CH: Many people have objected to your defense of metrical poetry in the last decade, and you have yourself been exposed to some derision for writing in meter and rhyme.

TS: It is disheartening to be characterized as a metrical martinet, simply because I am curious about an art of rhythmical organization that virtually every good poet for the last 3,000 years has practiced. Sometimes I feel I am visiting Dante's Hell, where the damned are always accusing others of their own besetting sin. People prejudiced against and closed-minded about meter often accuse those interested in meter of being—what else?—prejudiced and closed-minded.

CH: So you don't feel you are unsympathetic to the distinctly non-metrical poetry of the twentieth century?

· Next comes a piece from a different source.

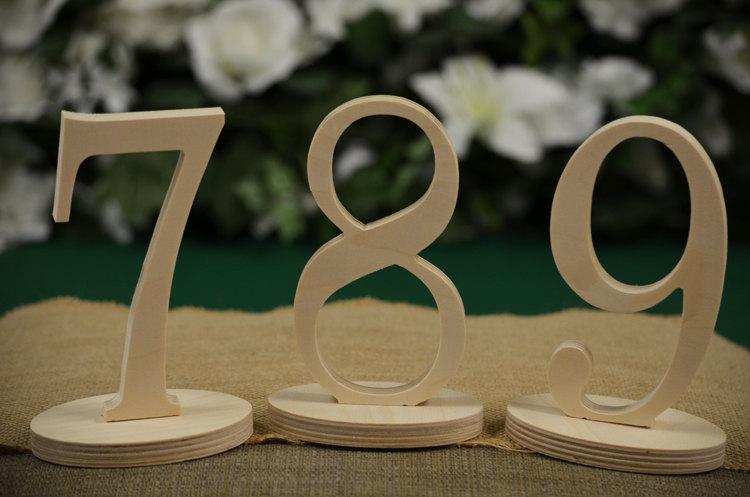 FREESTANDING table numbers WEDDING signs WOOD table decor Sets from 1 to 30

TS: I have no quarrel at all with a pluralism of poetic styles. It's just that metrical tradition is the trunk of the great tree of poetry. The variant forms, such as free verse and syllabics, have their beauties, but they're branches. We aren't going to have a branch—any branch—if we cut down the trunk. In writing Missing Measures and All the Fun, I wanted to persuade people to turn off the chain saw. Don't cut down the tree.

CH: At present, the tree seems to be flourishing: the last decade or so has witnessed an explosion of interest in poetry, measured in numbers of poetry journals, poetry readings, books sold, and so forth. Do you think this boom is likely to continue?

TS: I have no answer to that—no crystal ball. If the audience is larger—great. But it's not crucial to the art. John Keats sold few books in his lifetime. Even fewer sold in the decades immediately afterwards. When, in 1918, Oxford University Press published Hopkins's poems, I believe it took them ten years to sell the 750 copies of the first edition. A just appreciation of Yeats and Robinson came very slowly and by degrees, and Dickinson's high and well-merited reputation came only posthumously. Even Frost struggled for nearly 20 years before finding an audience. But if the work is good, its quality will tell in the long run.

CH: Do you have any sort of overview or general observations about the status of poets and poetry today?

TS: It is, I think, a difficult time for poetry. It's hard for poets to feel that poetry is an art—a pursuit that has certain compositional principles that transcend the particular concerns and inclinations of this or that practitioner of it. In All the Fun, I quote Paul Valery's comment that our age has had as many prosodies as it has had poets. Initially, the anything-goes environment produced some welcome freshness and vitality, but over time we've sort of broken down into collective incoherence.

CH: Many have decried the lack of serious and courageous poetry criticism today. We have so many highly-praised poets—is this due to the abundant encomiums that are offered so liberally to nearly everyone?

TS: This has partly to do with the literary world's being so fragmented. There are so many coteries vying for attention, that it's natural, if not exactly healthy for poetry, that criticism should take the form of, for example, local advocacy.

CH: Speaking of local advocacy, Donald Hall has said that poets today often seem to be defining themselves primarily by their region—East Coast poets, West Coast or Midwest poets, Upper East Side poets, Lower East Side poets. One feels California so much in your poems—for example, "Pacific Rim," "December in Los Angeles," "California Sea Lion," "Near Olympic." Do you identify yourself as a California poet?

TS: I do consider myself a California writer now, although I grew up in Vermont, and my mother and stepfather still live there. At the same time, however, I feel an aesthetic affinity with friends and colleagues all over the place. And though I want my verse to accurately reflect its region, I'd be disappointed if my poems combusted whenever they sailed out across the state line.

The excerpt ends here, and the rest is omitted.